In that time, wealthy people moved from what would become the East End to the new West End, professors from the university buildings in Tøyen, factory owners from Sagene, officials from Gamlebyen, people in the city gardens in Kvadraturen which became shop buildings etc. In the East End, the population became more homogenous than before: new immigrants from Eastern Norway and original citizens built the new worker class in the city of Kristiania together, affecting the growing industry, handwork, transport, and other areas.

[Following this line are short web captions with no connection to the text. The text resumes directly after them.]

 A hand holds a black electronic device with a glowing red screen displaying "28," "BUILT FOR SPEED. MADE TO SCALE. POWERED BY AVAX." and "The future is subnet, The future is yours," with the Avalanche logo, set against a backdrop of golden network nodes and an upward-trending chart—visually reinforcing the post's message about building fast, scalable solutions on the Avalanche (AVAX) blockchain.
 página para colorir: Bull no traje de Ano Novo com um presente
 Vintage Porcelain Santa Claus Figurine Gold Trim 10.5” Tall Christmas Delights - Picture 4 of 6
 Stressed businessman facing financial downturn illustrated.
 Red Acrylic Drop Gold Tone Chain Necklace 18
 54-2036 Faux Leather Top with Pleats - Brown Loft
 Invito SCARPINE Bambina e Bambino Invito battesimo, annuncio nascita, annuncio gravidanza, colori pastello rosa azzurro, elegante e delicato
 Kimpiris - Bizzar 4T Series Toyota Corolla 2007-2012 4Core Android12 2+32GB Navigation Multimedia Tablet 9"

Around 1880 the division between the East End and the West End was prominent but not complete. In this early stage, new apartments for wealthy people in areas such as Gamlebyen (Schweigaards gate)[7] were built, and it was attractive to settle down in Kvadraturen. The expansion of the city in the 1890s strengthened the division and the systematic boundary line. In 1910, the average income in Sofienberg was a tenth of that in Frogner.
Open communications made it possible to live further away from one's working place than before. Horse-driven trams were opened in Homansbyen and Gamlebyen in 1875 and in Grüneløkka in 1878, and electric trams were taken into use in 1894 and had new lines constructed for them. This affected the development of the new areas with socially and economically homogeneous population.[8]
The areas to the north of the city centre belong to the West End, but they became very early, and still are, reflected by the middle class, having many officials, high education, and few rich people. These areas include Meyerløkka, Gamle Aker, St. Hanshaugen, parts of Ila, Bolteløkka, Valleløkken, Fagerborg, Lindern and Adamstuen.[9] The villa suburbs of today's outer town grew up along the new railway, and had about 12,000 inhabitants in the early 20th century, in the west Lysaker, Skøyen, Bestum, in the east Bryn, which was the first in the city from the 1860s, Grorud, Bekkelaget, Nordstrand, Ljan - with mixed inhabitants, with no marked East End character.[10]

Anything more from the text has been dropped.